E ancora all’uomo. Perché uno dei molti motivi che fanno de Le quattro volte una scommessa difficile ma brillantemente vinta, è che non si cade nell’ingenuità di mettere tutti gli elementi sullo stesso piano. L’uomo incornicia il disegno strutturale, lo apre e lo chiude. Anche se nel finale non viene visto, l’ultima inquadratura (un camino fumante) riprende il tratto che ha distinto il primo segmento “umano” da tutti gli altri: la ricorrenza (diciamo pure rituale) di alcuni punti di vista sui medesimi luoghi ripresi in modo identico in momenti diversi.
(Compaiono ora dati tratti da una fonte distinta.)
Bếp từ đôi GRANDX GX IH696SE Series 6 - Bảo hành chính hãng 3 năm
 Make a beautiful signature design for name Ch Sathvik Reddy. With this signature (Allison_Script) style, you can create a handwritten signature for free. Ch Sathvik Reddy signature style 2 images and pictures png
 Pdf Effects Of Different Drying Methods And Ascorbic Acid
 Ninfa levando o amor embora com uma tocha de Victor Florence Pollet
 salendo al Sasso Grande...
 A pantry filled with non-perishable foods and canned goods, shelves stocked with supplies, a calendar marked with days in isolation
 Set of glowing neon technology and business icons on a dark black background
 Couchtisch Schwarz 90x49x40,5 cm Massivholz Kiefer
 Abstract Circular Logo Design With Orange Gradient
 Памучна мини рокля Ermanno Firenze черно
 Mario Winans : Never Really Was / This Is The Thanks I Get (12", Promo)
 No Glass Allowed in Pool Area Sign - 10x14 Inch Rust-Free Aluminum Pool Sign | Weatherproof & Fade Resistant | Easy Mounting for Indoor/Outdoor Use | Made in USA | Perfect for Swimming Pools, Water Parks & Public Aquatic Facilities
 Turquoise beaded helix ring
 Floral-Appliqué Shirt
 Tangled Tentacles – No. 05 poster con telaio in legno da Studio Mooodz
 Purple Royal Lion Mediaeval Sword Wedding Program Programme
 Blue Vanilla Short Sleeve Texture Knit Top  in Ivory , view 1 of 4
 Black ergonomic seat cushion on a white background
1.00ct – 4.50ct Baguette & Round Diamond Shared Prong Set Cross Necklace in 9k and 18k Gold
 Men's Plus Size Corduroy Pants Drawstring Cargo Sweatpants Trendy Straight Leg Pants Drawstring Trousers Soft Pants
È vero, forse un disegno strutturale del genere è troppo meccanico: è l’unico, marginalissimo difetto di un film davvero straordinario. Perché si assiste, come non si assisteva da tempo (specialmente in ambito italiano) alla sbalorditiva riuscita dell’unione tra la purezza dell’osservazione e i rigori della geometria. Le quattro vite intrecciate in un unico ordine superiore in cui anche lo squilibrio (si veda lo straordinario piano-sequenza della processione e del contrattempo che la perturba) ha una sua collocazione, si susseguono lasciando a ogni passo del proprio sviluppo il tempo, lo spazio e il respiro sufficienti affinché trovino ai nostri occhi una consistenza grafica monumentale.